Karime Xavier/Folhapress
A advogada Andrea Leandro, 37, e o estagiário Elieser Guilherme, 40, no escritório do Sindicado dos Comerciários de São Paulo
A advogada Andrea Leandro, 37, e o estagiário Elieser Guilherme, 40, no escritório do Sindicado dos Comerciários de São Paulo

Para Souki, o estagiário mais velho precisa ter a mente aberta para não estranhar a inversão de papeis, ao responder a um superior jovem.

Já o gestor tem que levar em conta a insegurança desse estagiário, que questiona sua decisão de mudança, afirma Guilherme Françolin, da consultoria Santo Caos.

Cresce número de universitários

FINANÇAS

Para um jovem universitário, estágios são uma porta de entrada para o mercado de trabalho e, de quebra, uma fonte de renda para pagar a cerveja da festa na sexta.

Aos 40 anos, as preocupações financeiras vão além do lazer e pesam mais no orçamento do que uma bolsa auxílio é capaz de cobrir.

Elieser Guilherme, 40, teve que vender o carro e outros bens para conseguir trocar o emprego de gestor comercial por um estágio no departamento jurídico do Sindicato dos Comerciários de São Paulo. "A vida financeira deu uma regredida", diz.

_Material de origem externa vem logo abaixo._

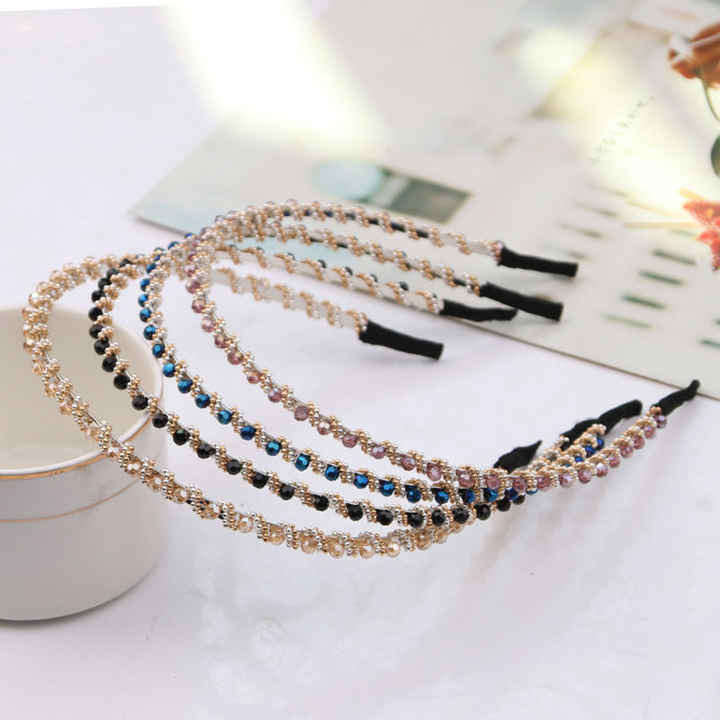 United Fashion Pearl, Crystal Beads Headbands Beaded Headband Metal Head Bands No Slip Hair Accessories for Women Girls,4 Pack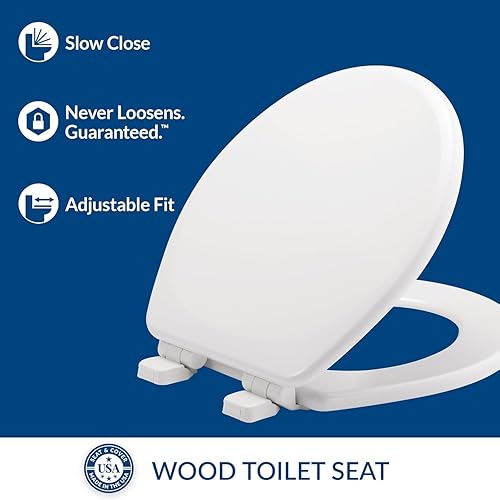 Miniatura 2 de MAYFAIR 843SLOW 000 Lannon - Asiento de inodoro que se cierra lentamente y nunca se afloja, redondo, madera esmaltada duradera, color blanco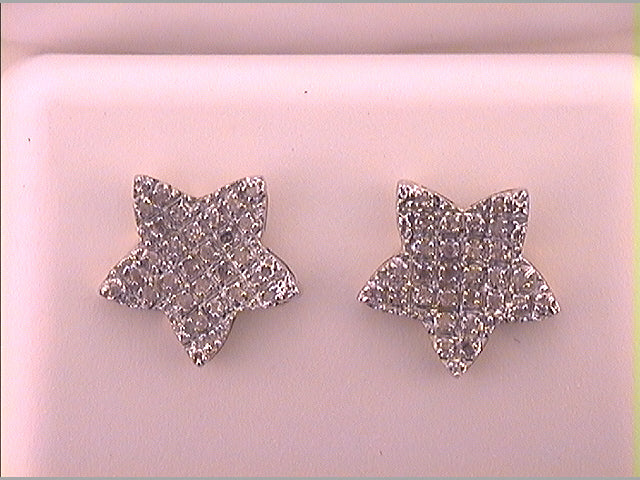 10kt Yellow Gold Mens Round Diamond Star Cluster Earrings 1/6 Cttw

Ele ainda conta com a ajuda da filha, de 18 anos, também estagiária na Sabesp, e da mulher.

Ganhando R$ 1 mil -um quinto do que ganhava como supervisor de vendas-, Leandro Oliveira, 40, voltou para a casa da mãe. Estagiário em gastronomia, ele diz que o dinheiro é a maior dificuldade que encontrou na mudança de carreira.

Estágios mais bem pagos

"A área de gastronomia é ainda pior que outras porque muitos estágios não são remunerados. Um chef importante acha que o nome dele é suficiente como pagamento."

Uma das recomendações para quem está pensando em dar esse passo é se preparar financeiramente, afirma Carlos Henrique Mencaci, presidente da Associação Brasileira de Estágios (Abres).

Segundo a organização, o valor médio de bolsa auxílio pago para estudantes de nível superior no Brasil é de R$ 1.100,07.

O planejamento deve levar em conta o custo da graduação, no caso de faculdades privadas, e a diminuição de renda que a troca do emprego atual pelo estágio acarretará.

O profissional também precisa pensar no longo prazo e ter em mente o tempo que levará até atingir na nova carreira o mesmo patamar que tinha na antiga.

Com o estágio em uma escola infantil em Barueri e o curso de pedagogia, o jeito que Nilza Rodrigues, 55, encontrou para complementar as contas foi fazer trabalhos temporários como manicure e depiladora durante a noite, único período livre que tem disponível no dia.

Ela espera que o esforço seja compensado com a aprovação em um concurso para dar aulas na rede pública.

Há casos, porém, em que a idade avançada ajuda. Jane Kawakami, 54, conta com o dinheiro da aposentadoria, que deve sair nos próximos meses, para complementar a renda do estágio em serviço social em uma clínica médica em São Paulo.